### SUPPLIED INFORMATION ###

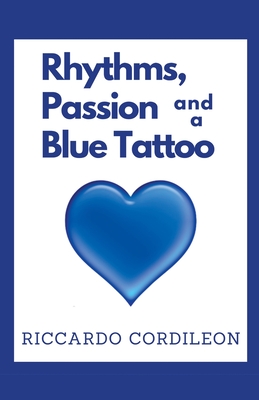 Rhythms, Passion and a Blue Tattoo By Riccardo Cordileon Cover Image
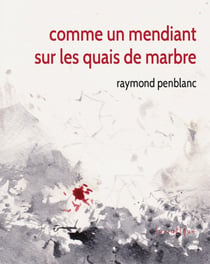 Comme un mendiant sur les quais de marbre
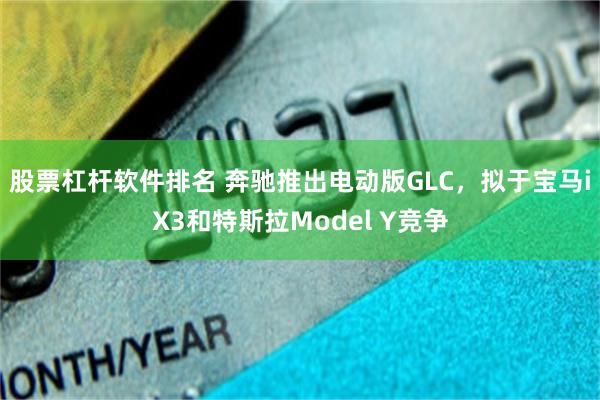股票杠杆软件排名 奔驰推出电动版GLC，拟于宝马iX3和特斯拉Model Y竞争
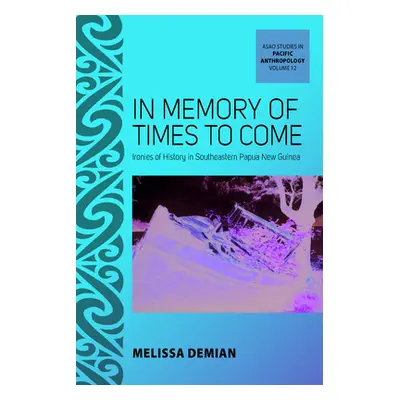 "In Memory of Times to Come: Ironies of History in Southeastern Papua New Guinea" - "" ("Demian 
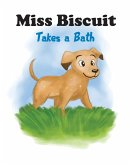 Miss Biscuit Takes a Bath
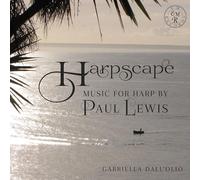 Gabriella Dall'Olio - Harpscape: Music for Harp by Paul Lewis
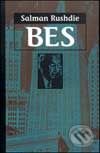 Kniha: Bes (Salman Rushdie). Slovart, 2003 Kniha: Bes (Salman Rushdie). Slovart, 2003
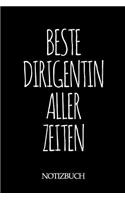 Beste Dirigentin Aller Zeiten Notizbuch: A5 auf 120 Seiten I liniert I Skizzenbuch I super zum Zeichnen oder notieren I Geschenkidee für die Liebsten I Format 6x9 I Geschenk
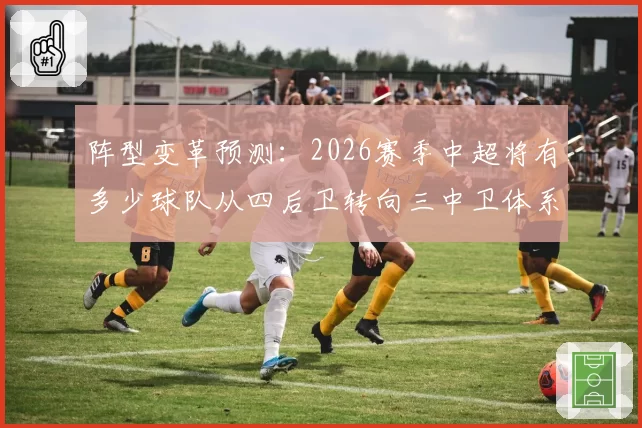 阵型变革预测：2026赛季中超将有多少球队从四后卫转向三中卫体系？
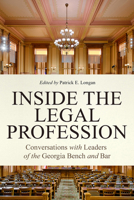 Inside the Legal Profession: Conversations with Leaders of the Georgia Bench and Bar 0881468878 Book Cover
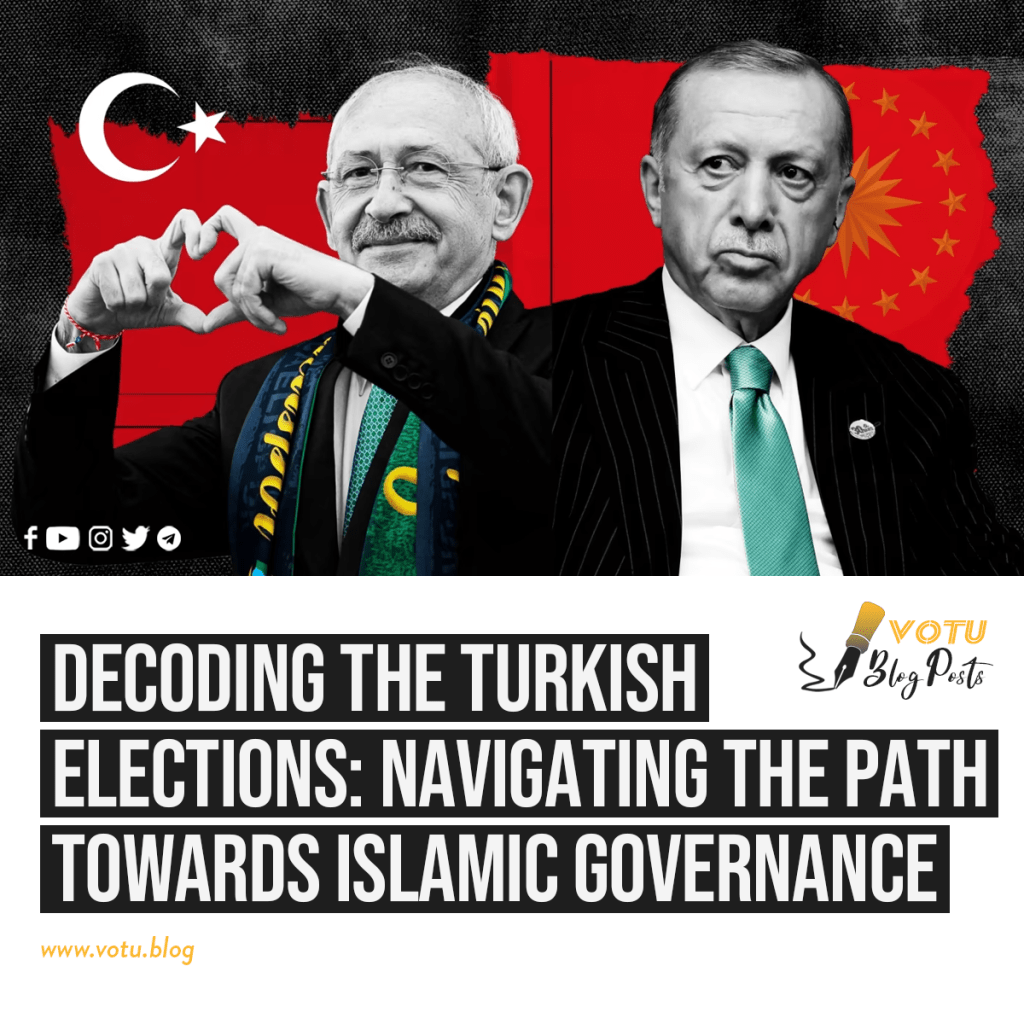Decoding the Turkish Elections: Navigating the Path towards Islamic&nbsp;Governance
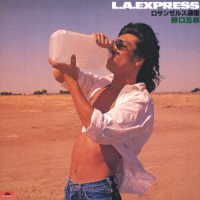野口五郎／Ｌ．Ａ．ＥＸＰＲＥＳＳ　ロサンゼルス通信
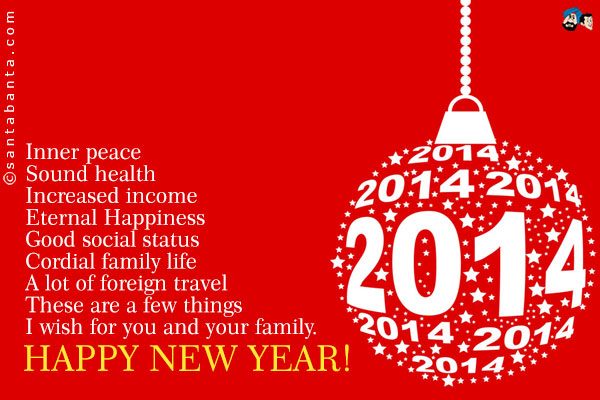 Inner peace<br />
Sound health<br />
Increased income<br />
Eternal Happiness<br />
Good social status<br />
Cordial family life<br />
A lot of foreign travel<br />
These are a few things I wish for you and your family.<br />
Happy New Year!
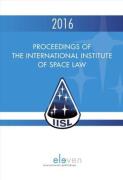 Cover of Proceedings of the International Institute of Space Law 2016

###

** TASK INSTRUCTIONS **
Write out verbatim the lines from the one containing "野口五郎／Ｌ．Ａ．ＥＸＰＲＥＳＳ　ロサンゼルス通信" through the last line of the listing above, and no other lines; omit pictures.

** OUTPUT BELOW **
野口五郎／Ｌ．Ａ．ＥＸＰＲＥＳＳ　ロサンゼルス通信
 Inner peace<br />
Sound health<br />
Increased income<br />
Eternal Happiness<br />
Good social status<br />
Cordial family life<br />
A lot of foreign travel<br />
These are a few things I wish for you and your family.<br />
Happy New Year!
 Cover of Proceedings of the International Institute of Space Law 2016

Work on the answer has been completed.